Core Dataset Engine

The dataset subsystem separates ETL from tensor execution. It keeps CSV ingestion and feature pipeline logic in C until numeric tensors are required.

ETL mode vs Tensor mode

ETL mode

Represents data as a C DataFrame pointer.
Supports mixed types and non-numeric columns.
Avoids PHP arrays during CSV ingestion.
Operations like dropNans(), oneHotEncode(), and selectColumns() are executed in C.

Tensor mode

Represents features as Tensor objects.
Uses float32 tensors for samples and optional labels.
Required for training and inference.

Lifecycle

CSV file
   ├─ tensor_dataset_from_csv() → direct Tensor mode (numeric-only)
   └─ df_read_csv() → ETL DataFrame
                    ├─ ETL transforms
                    └─ df_to_tensor() → Tensor mode

Lazy materialization

Dataset::load() creates an ETL dataset without immediate tensor conversion. materialize() triggers the conversion on demand.

Fast path vs fallback

Dataset::fromCSV() uses tensor_dataset_from_csv() for pure numeric CSVs.
If non-numeric values are present, it falls back to df_read_csv() and materialize().

Data flow and memory

Dataset::fromCSV() returns either:

a fully materialized Dataset in Tensor mode
or a mixed-type Dataset in ETL mode that can still be transformed

In both cases, the dataset owns only the C pointer or tensor wrappers.

Key methods

`Dataset::load(string $filepath, bool $hasHeader = true): self`

Loads a CSV into ETL mode.
Does not allocate full datasets in PHP.
Use for datasets with categorical or text columns.

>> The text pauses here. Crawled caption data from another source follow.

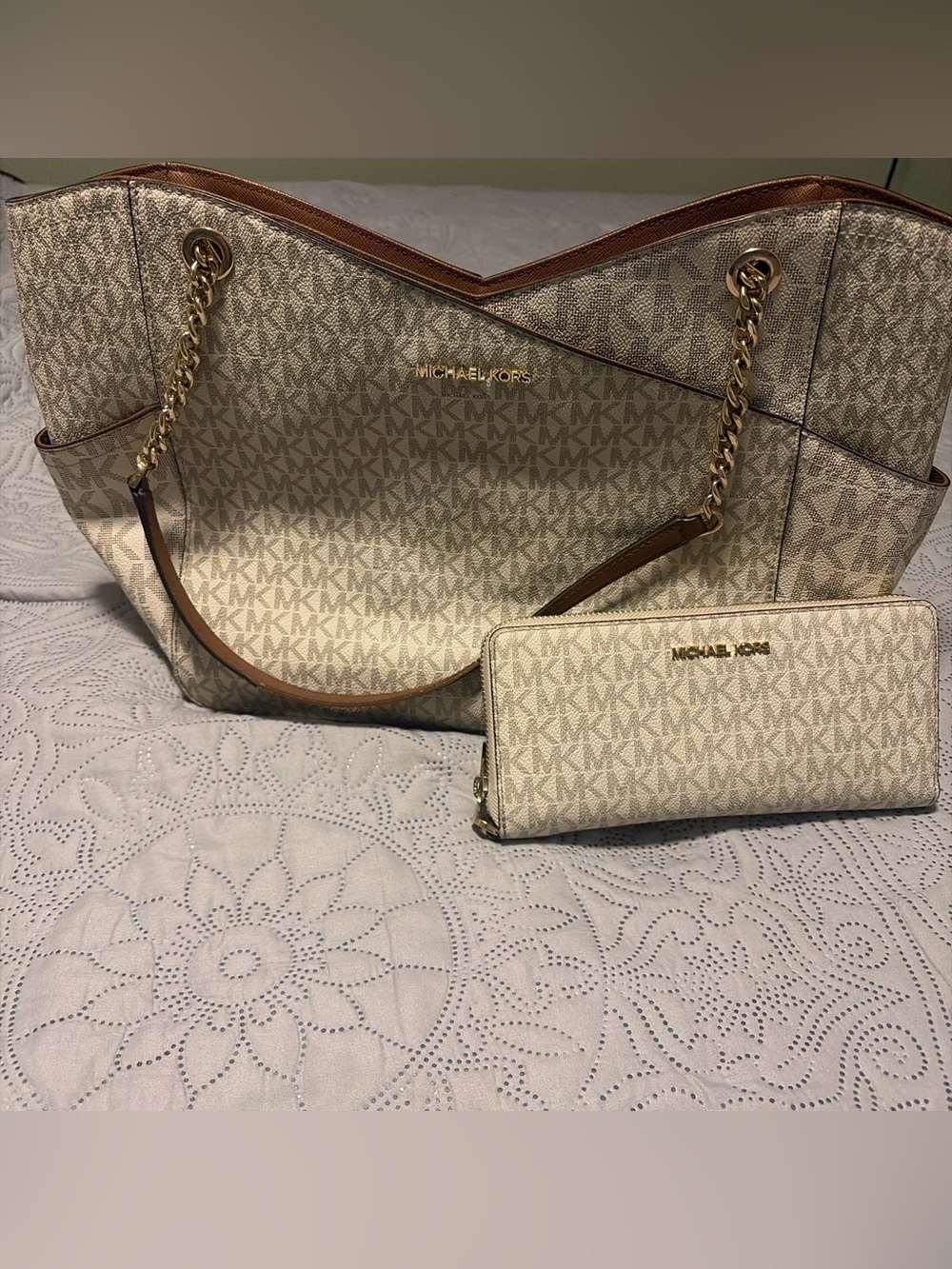Michael Kors Beige Logo Tote with Matching Wallet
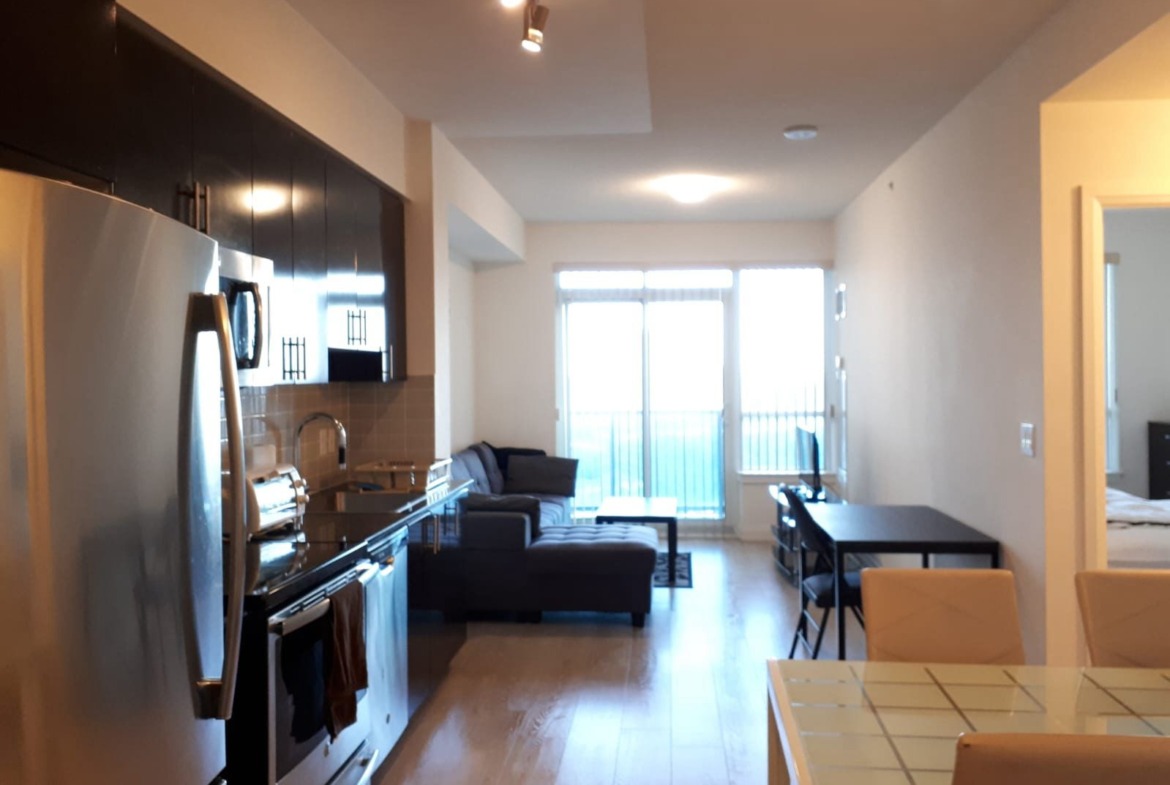 1-Bedroom Condo with Parking – World on Yonge,  Thornhill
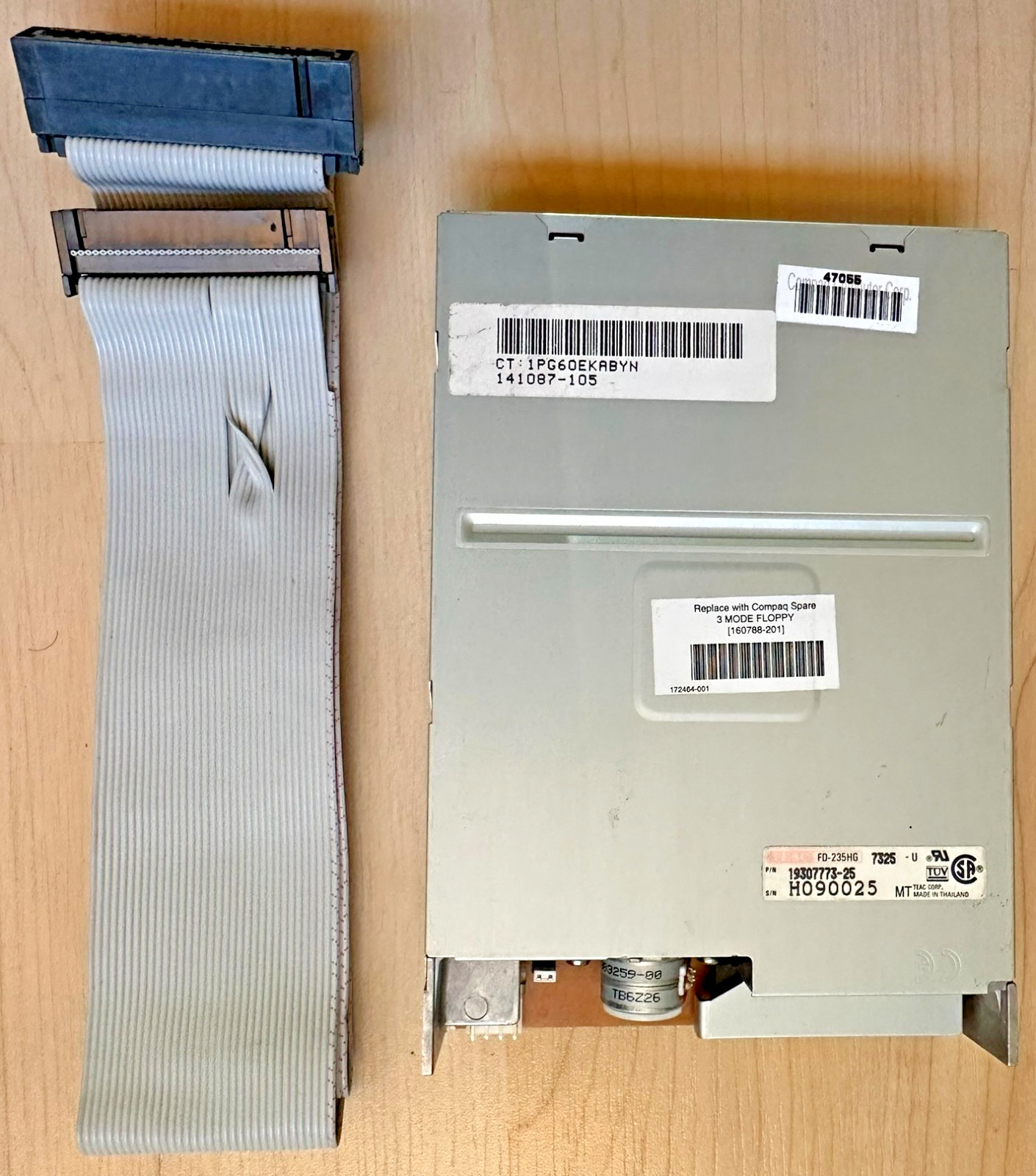 TEAC FD-235HG Internal 3.5" Floppy Disk Drive - 19307773-25 with cable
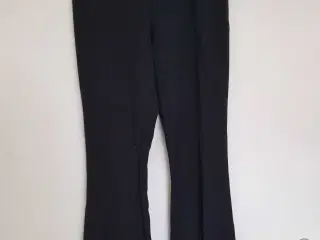 Sorte trompet bukser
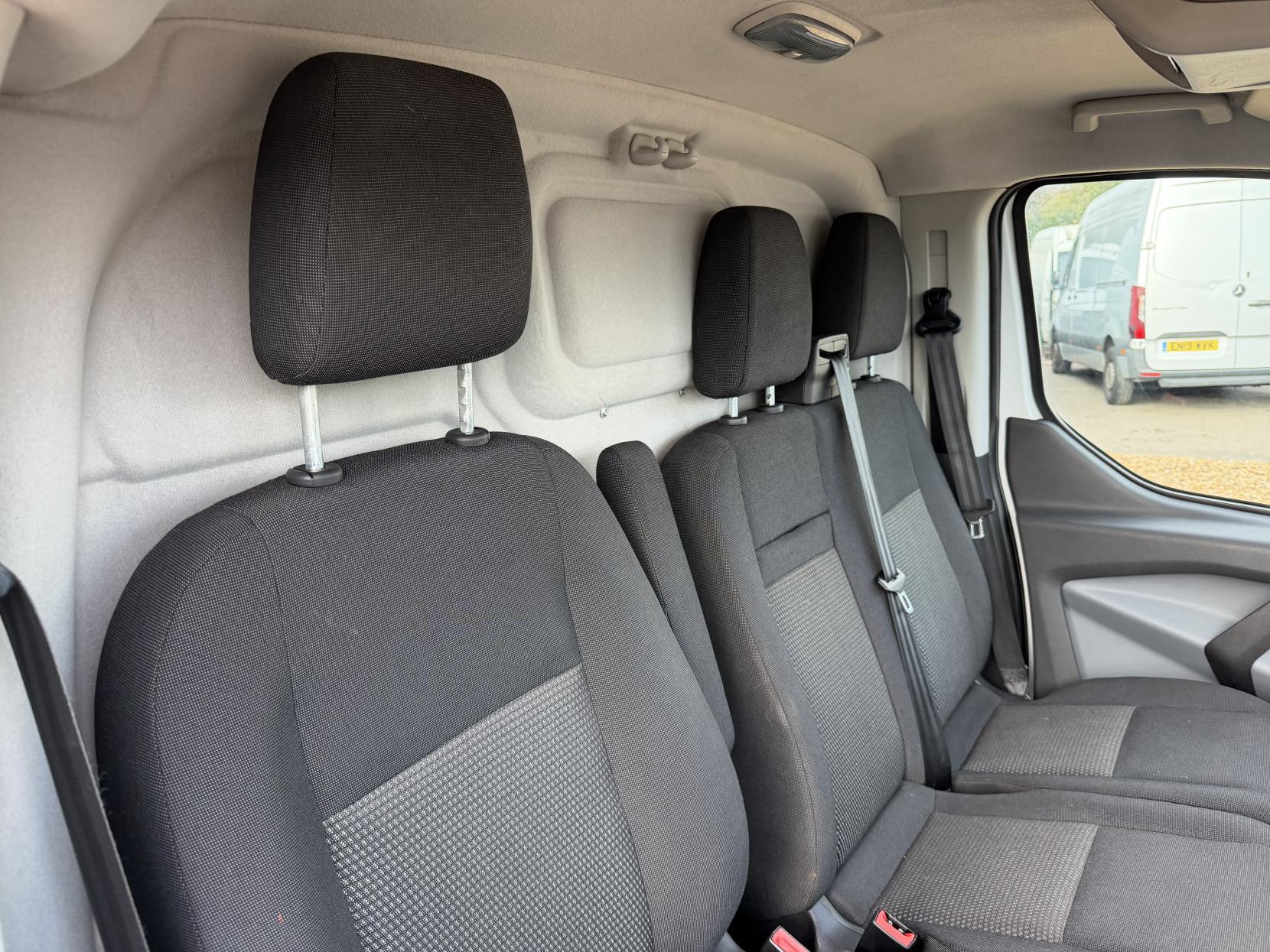 2016 Ford Transit Custom 2.2 TDCi 310 Panel Van 5dr Diesel Manual L2 H1 (186 g/km, 123 bhp) - Thumbnail 15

`Dataset::fromCSV(string $filepath, int $labelColumn = -1, bool $hasHeader = true): self`

Fast numeric ingestion for float-only CSVs.
If mixed columns are detected, fall back to ETL mode and immediate materialization.
labelColumn identifies the target column.

`Dataset::materialize(int $labelCol = -1): self`

Converts the C DataFrame into tensors.
Frees the original DataFrame pointer.
Returns a new Dataset in Tensor mode.

Code example

use Pml\Dataset;

$dataset = Dataset::load('datasets/housing.csv')
    ->withLabelColumn(0)
    ->dropNans()
    ->oneHotEncode(2)
    ->materialize(labelCol: 0);

C-level behavior

df_read_csv() parses the CSV and creates a columnar DataFrame.
df_to_tensor() converts selected columns to TensorC* buffers.
df_free() releases the ETL pointer once materialization is complete.

Performance implications

ETL mode delays numeric allocation until necessary.
Mixed-type CSVs incur an ETL-to-tensor conversion cost.
Numeric-only CSVs bypass this cost entirely with tensor_dataset_from_csv().
Use dropNans() before materialize() to keep the tensor memory footprint minimal.

When to use

Use ETL mode for ingestion pipelines with text features or categorical columns.
Use Tensor mode for training, validation, and inference.

When not to use

Avoid calling materialize() too early if additional ETL transformations remain.
Avoid repeated conversion of the same dataset in multiple passes.